──────── INPUT

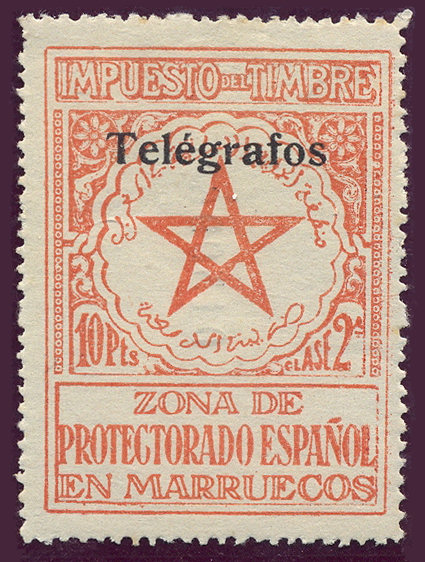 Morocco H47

────────────────
──────── INPUT

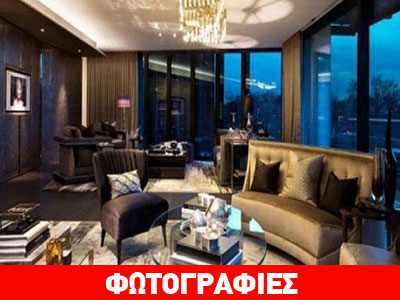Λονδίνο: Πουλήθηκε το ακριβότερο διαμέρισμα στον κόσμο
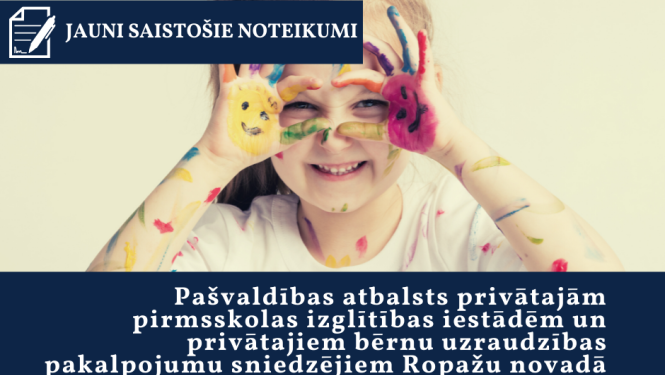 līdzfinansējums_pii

────────────────

- WHAT YOU HAVE TO DO -
Look above for the line with "Λονδίνο: Πουλήθηκε το" and the line with "līdzfinansējums_pii". Output those two and everything between them exactly, pictures excluded.

- RESPONSE BELOW -
Λονδίνο: Πουλήθηκε το ακριβότερο διαμέρισμα στον κόσμο
 līdzfinansējums_pii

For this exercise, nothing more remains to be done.